Caption-style text data:
· · · · ·

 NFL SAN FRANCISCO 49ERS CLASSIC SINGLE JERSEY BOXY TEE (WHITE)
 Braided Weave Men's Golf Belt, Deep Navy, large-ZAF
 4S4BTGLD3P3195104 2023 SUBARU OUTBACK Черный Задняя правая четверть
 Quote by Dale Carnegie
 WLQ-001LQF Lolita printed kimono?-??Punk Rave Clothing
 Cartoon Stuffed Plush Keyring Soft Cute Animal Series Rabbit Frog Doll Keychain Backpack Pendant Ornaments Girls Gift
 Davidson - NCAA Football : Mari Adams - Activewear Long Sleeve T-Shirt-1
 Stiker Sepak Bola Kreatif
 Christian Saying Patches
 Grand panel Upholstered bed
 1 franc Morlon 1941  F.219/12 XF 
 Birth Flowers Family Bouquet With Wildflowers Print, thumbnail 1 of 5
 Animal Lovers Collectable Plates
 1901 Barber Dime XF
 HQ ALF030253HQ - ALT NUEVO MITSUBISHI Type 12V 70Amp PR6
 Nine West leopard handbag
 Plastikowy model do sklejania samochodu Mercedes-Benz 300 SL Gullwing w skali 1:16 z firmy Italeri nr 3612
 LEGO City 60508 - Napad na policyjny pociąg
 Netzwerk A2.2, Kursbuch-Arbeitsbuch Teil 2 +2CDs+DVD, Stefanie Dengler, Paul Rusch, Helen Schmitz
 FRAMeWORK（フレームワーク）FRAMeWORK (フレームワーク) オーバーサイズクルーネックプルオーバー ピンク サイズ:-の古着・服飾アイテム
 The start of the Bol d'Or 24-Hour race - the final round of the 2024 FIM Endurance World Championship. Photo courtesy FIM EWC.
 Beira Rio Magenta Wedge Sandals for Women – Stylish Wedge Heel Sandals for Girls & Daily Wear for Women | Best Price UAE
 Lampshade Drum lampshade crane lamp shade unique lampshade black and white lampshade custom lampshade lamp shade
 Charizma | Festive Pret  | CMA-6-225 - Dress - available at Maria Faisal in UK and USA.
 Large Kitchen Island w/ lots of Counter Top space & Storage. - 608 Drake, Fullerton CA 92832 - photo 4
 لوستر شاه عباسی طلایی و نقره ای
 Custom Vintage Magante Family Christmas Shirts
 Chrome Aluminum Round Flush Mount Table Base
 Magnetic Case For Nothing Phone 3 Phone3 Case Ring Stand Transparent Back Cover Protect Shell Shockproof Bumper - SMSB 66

· · · · ·

● WHAT IS EXPECTED:
Your task is to transcribe the line containing "FRAMeWORK（フレームワーク）FRAMeWORK (フレームワーク) オーバーサイズクルーネックプルオーバー" and every line after it, through the last line of the data, exactly as written and with nothing more.

● YOUR RESPONSE:
 FRAMeWORK（フレームワーク）FRAMeWORK (フレームワーク) オーバーサイズクルーネックプルオーバー ピンク サイズ:-の古着・服飾アイテム
 The start of the Bol d'Or 24-Hour race - the final round of the 2024 FIM Endurance World Championship. Photo courtesy FIM EWC.
 Beira Rio Magenta Wedge Sandals for Women – Stylish Wedge Heel Sandals for Girls & Daily Wear for Women | Best Price UAE
 Lampshade Drum lampshade crane lamp shade unique lampshade black and white lampshade custom lampshade lamp shade
 Charizma | Festive Pret  | CMA-6-225 - Dress - available at Maria Faisal in UK and USA.
 Large Kitchen Island w/ lots of Counter Top space & Storage. - 608 Drake, Fullerton CA 92832 - photo 4
 لوستر شاه عباسی طلایی و نقره ای
 Custom Vintage Magante Family Christmas Shirts
 Chrome Aluminum Round Flush Mount Table Base
 Magnetic Case For Nothing Phone 3 Phone3 Case Ring Stand Transparent Back Cover Protect Shell Shockproof Bumper - SMSB 66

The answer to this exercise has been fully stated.